Begin with the line that holds "Vier KYRRE krukjes" and retype through the last line of the listing below, exactly; pictures are not part of the copy.

*RECORDED INFORMATION*.
::::

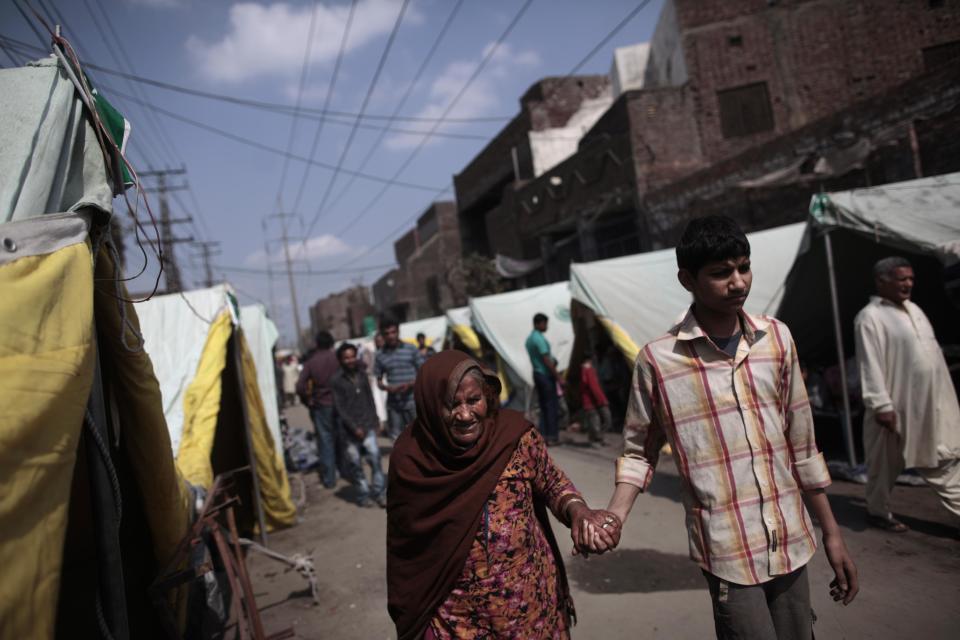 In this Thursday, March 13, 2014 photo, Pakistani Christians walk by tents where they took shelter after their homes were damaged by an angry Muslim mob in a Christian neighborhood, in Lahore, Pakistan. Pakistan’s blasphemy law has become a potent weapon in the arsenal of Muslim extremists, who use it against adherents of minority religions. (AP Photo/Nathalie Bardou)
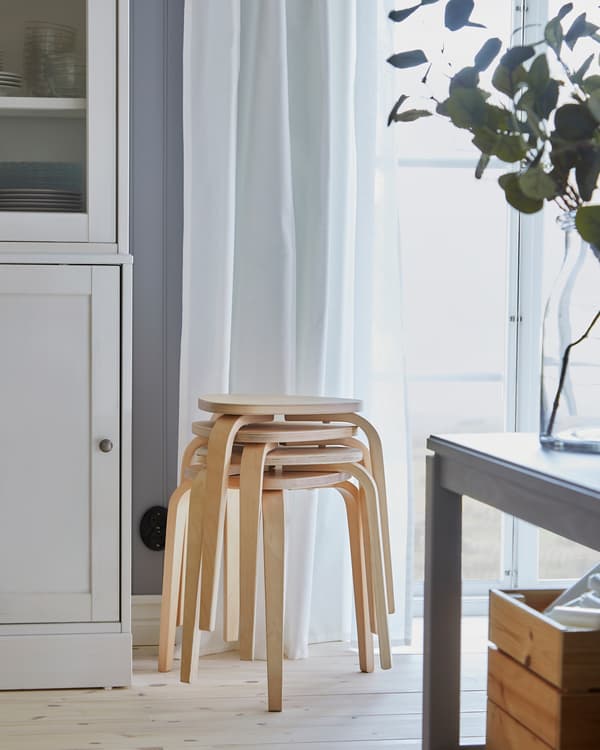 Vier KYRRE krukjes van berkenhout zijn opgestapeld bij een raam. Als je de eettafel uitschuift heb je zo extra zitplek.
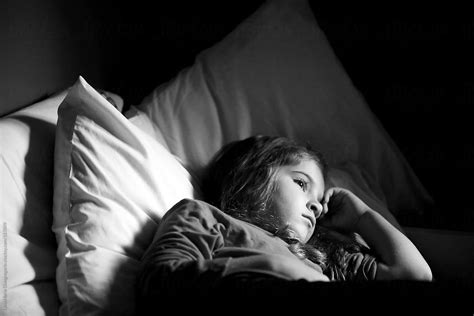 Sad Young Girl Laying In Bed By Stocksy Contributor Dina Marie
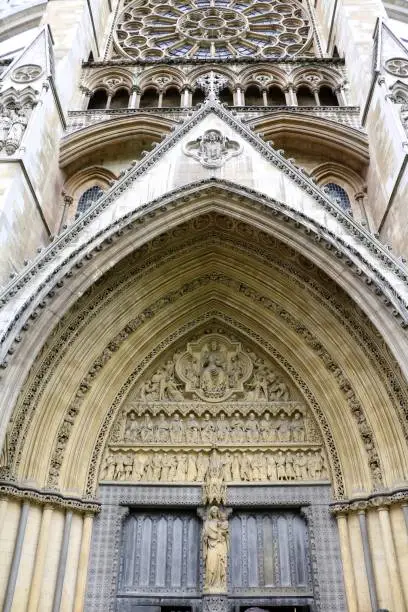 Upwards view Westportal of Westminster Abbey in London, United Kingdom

::::

*SOLUTION BELOW*.
 Vier KYRRE krukjes van berkenhout zijn opgestapeld bij een raam. Als je de eettafel uitschuift heb je zo extra zitplek.
 Sad Young Girl Laying In Bed By Stocksy Contributor Dina Marie
 Upwards view Westportal of Westminster Abbey in London, United Kingdom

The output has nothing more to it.